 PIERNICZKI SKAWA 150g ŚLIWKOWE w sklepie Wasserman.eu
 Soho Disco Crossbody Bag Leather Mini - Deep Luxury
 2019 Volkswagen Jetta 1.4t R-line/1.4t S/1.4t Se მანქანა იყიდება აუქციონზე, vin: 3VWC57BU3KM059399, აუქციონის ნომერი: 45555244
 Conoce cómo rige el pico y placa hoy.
◆ ◆ ◆ ◆ ◆
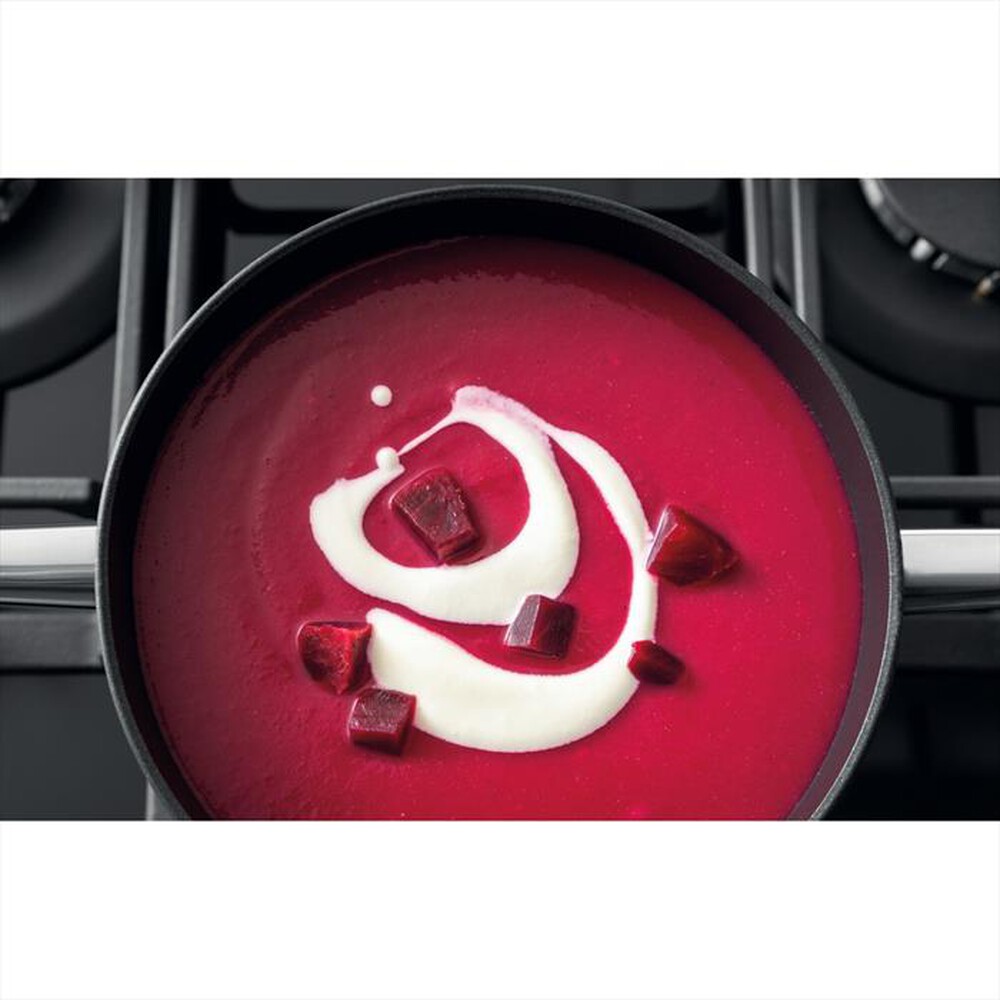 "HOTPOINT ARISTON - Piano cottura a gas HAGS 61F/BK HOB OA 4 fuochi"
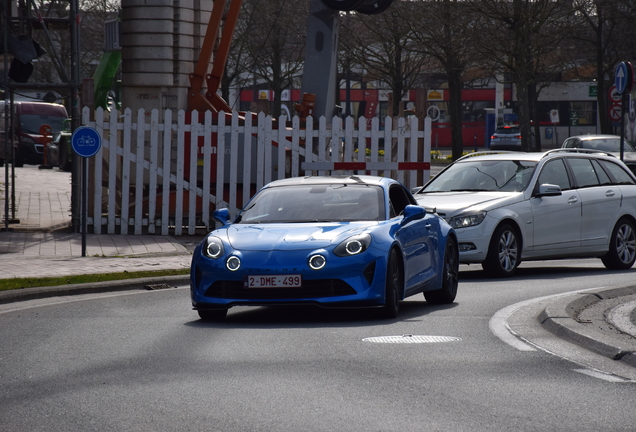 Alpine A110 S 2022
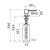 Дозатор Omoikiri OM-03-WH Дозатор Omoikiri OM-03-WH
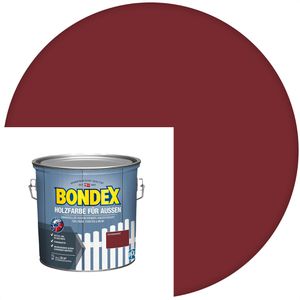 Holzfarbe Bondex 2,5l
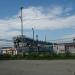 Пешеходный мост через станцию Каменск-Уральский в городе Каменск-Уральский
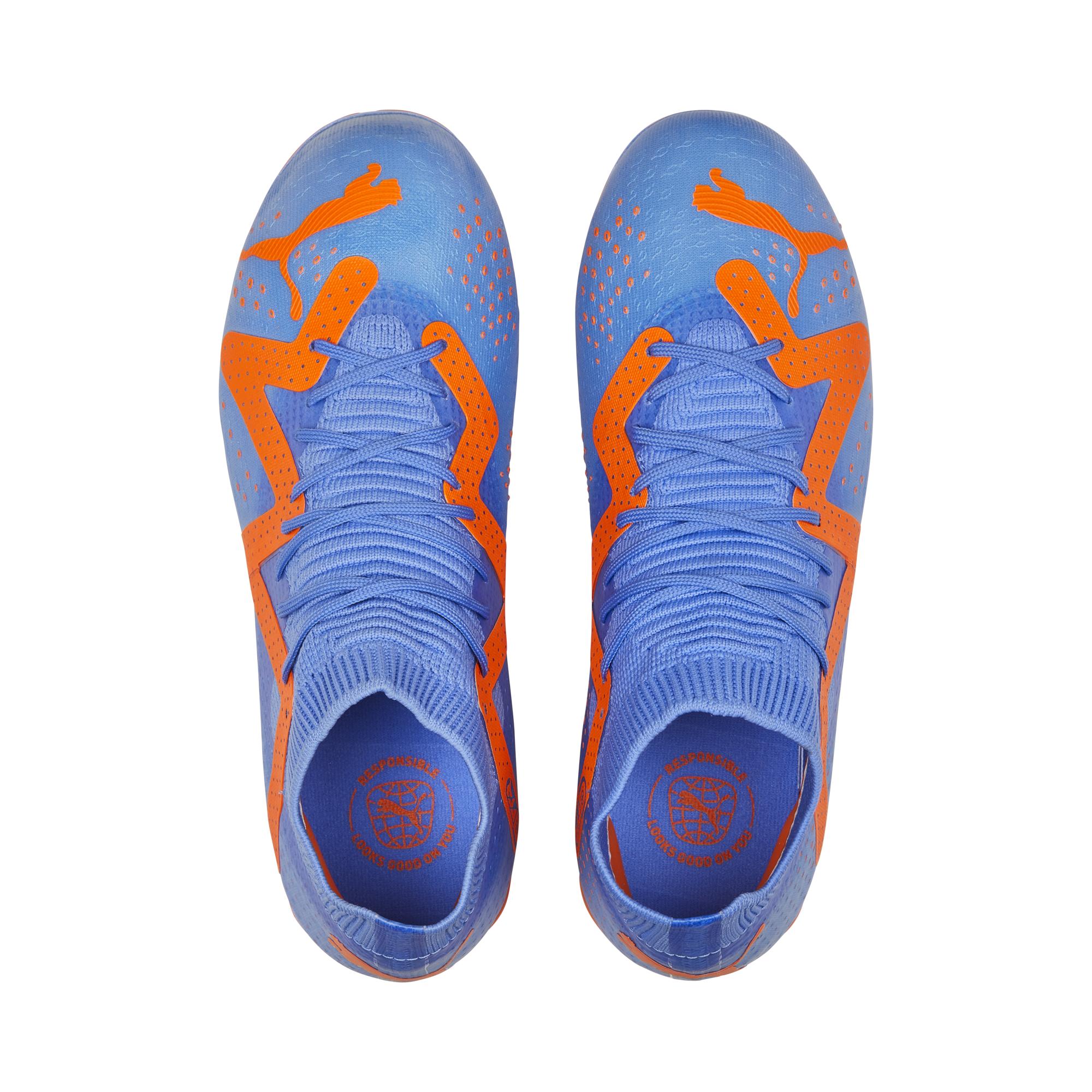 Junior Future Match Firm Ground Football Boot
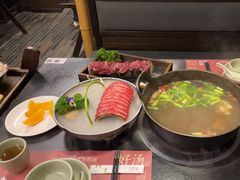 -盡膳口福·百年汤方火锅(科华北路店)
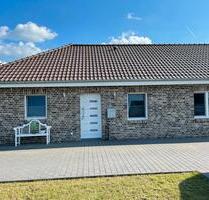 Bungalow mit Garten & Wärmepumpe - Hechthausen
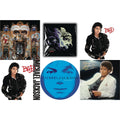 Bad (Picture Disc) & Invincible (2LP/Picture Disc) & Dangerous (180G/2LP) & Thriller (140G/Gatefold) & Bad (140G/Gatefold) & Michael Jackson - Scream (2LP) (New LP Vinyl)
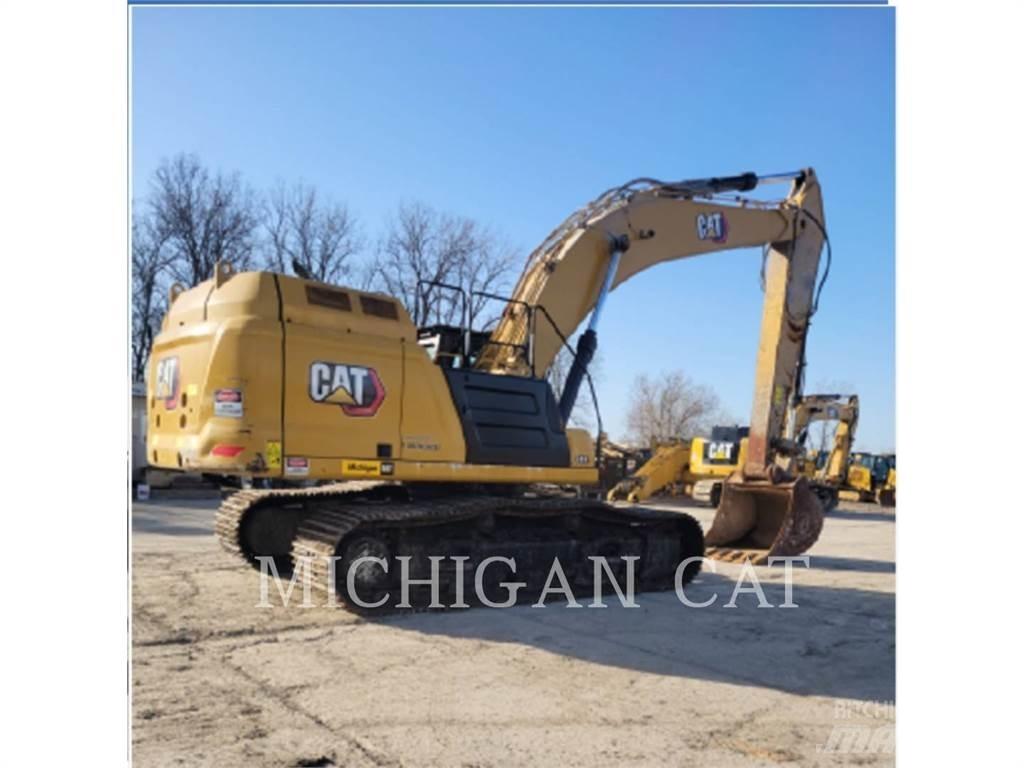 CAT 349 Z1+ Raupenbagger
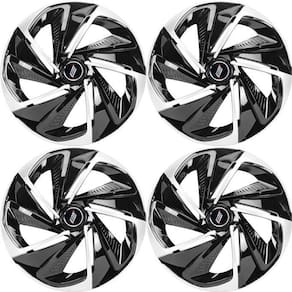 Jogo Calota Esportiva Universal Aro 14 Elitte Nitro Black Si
◆ ◆ ◆ ◆ ◆
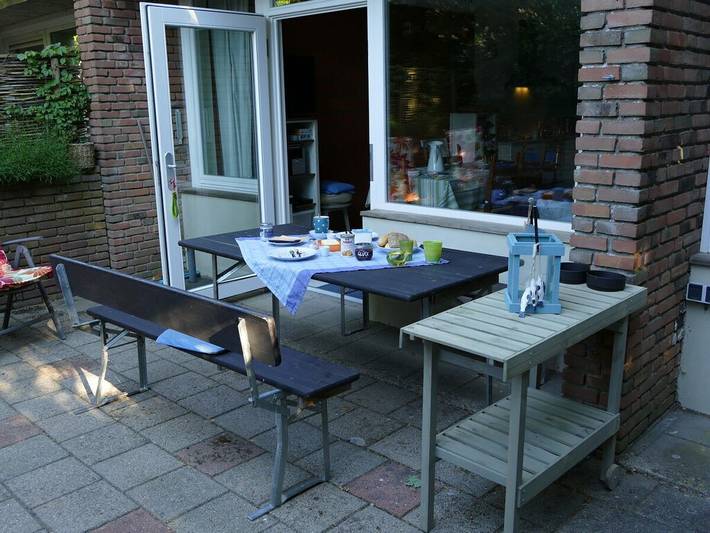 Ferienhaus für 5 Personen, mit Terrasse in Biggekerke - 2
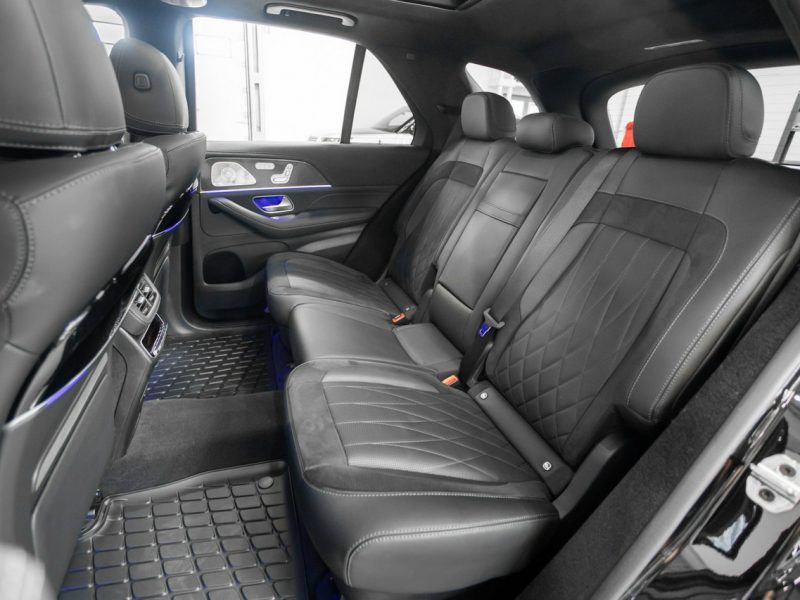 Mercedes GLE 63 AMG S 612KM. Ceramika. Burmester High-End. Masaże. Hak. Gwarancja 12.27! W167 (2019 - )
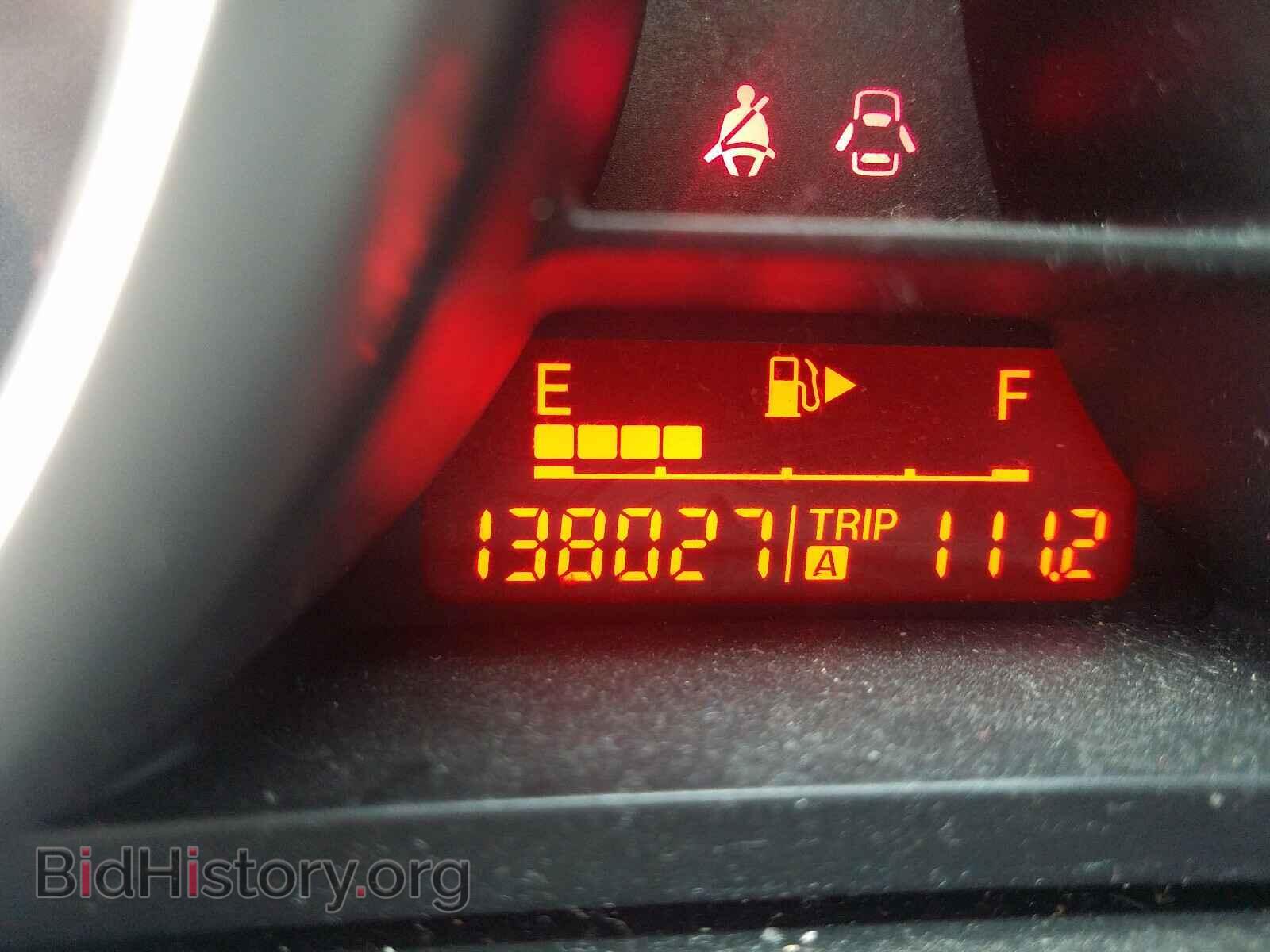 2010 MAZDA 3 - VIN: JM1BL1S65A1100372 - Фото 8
◆ ◆ ◆ ◆ ◆
Assignment ->
Copy word for word only the lines above from the one with "-盡膳口福·百年汤方火锅(科华北路店)" through the one with "Jogo Calota Esportiva". Leave pictures out.

Written answer ->
 -盡膳口福·百年汤方火锅(科华北路店)
 Bungalow mit Garten & Wärmepumpe - Hechthausen
 Bad (Picture Disc) & Invincible (2LP/Picture Disc) & Dangerous (180G/2LP) & Thriller (140G/Gatefold) & Bad (140G/Gatefold) & Michael Jackson - Scream (2LP) (New LP Vinyl)
 CAT 349 Z1+ Raupenbagger
 Jogo Calota Esportiva Universal Aro 14 Elitte Nitro Black Si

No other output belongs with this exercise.